After the end of World War II, the general aviation market returned to prominence, and grew--now there were thousands of former pilots who might enjoy an aircraft of their own. The war had also opened up Alaska and the more remote areas of Canada; "bush" pilots needed a good, reliable light aircraft that could land in all conditions, on very short runways.

 

Two aircraft designers, Otto Koppen and Lynn Bollinger, founded the Koppen-Bollinger Aircraft Company in 1948, for the express purpose of building a short takeoff and landing (STOL) aircraft. The company's name was changed to the easier to market Helio name a few years later. Koppen's idea was a modified Piper PA-17, with a taller tail, larger flaps, and leading-edge wing slats, which would give his design superb STOL capability. For more cargo space, the fuselage was lengthened. With the final addition of a much more powerful engine, Koppen named his design the Heliopolis. It first flew in 1949. By the time production began in 1954, it had been renamed the Helio Courier.

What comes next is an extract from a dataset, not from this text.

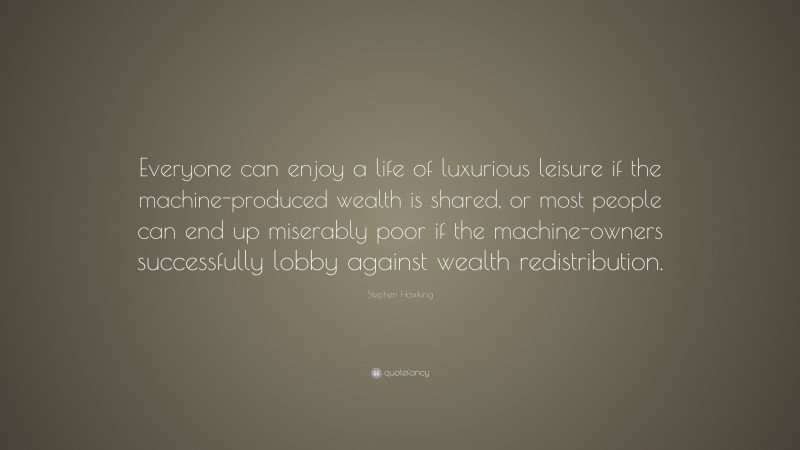 Stephen Hawking Quote: “Everyone can enjoy a life of luxurious leisure if the machine-produced wealth is shared, or most people can end up miserably poor if the machine-owners successfully lobby against wealth redistribution.”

The Courier immediately found sales in the bush pilot community, and among missionaries in South America.

 

The USAF was interested as well. The Korean War proved that there was a need for aircraft that could operate away from airfields, in often very small landing zones. Though helicopters were coming into their own, the USAF still bought 120 L-28As as light transports; these could carry cargo and passengers, or evacuate casualties. With a stall speed of only 28 mph, it could drop into areas no other fixed-wing aircraft could reach. In 1962, the L-28 was designated U-10, though it kept the Courier name.

 

By the time the United States began to get involved in the Vietnam War, the USAF and US Army were both operating the U-10D Super Courier, a version with an uprated engine and longer range. Their short field landing capability was very valuable in Southeast Asia, and U-10s were not only used as light transports and liasion aircraft, but also as psychological warfare aircraft--the latter dropped leaflets and were equipped with speakers. The speakers could exhort Viet Cong and North Vietnamese soldiers to defect, or demoralize them with Buddhist funeral dirges and terrifying ghost noises, usually played at earsplitting volume. The U-10 was very vulnerable to ground fire, but it could be used in low threat areas. A few were used in Laos as forward air control (FAC) aircraft, often by the CIA's "airline," Air America.

 

Though production of the Courier ended in the early 1980s, the aircraft remains popular with bush pilots. The USAF and Army retired their Couriers not long after the end of the Vietnam War, and a few of these have made their way into the hands of collectors as warbirds. Roughly 500 were built.

 

Built as a U-10B, 63-3096 had something of a rare career--it was built for the Air National Guard and then served with the active duty USAF. 63-3096 entered service with the 129th Air Commando Group (California ANG) at Hayward as a general duties aircraft in 1965. It was later transferred to the 1st Special Operations Wing at Hurlburt Field, Florida, possibly as a trainer; it does not appear to have been deployed to Vietnam. 63-3096 was also upgraded to a U-10D with a more powerful engine.

 

It was retired in 1973, but acquired by the USAF for possible display at the National Museum of the USAF. As the NMUSAF then acquired a U-10 that had served in Vietnam, 63-3096 was surplus to the NMUSAF's needs and was moved to the Museum of Aviation at Robins AFB, Georgia, as Robins had done overhaul work for the USAF's fleet of Couriers. Transferred in 1987, it went on display in 1990.

 

63-3096 is painted in USAF Southeast Asia colors and is part of the Museum of Aviation's Vietnam display. It is posed over reproduction revetments and Conex boxes.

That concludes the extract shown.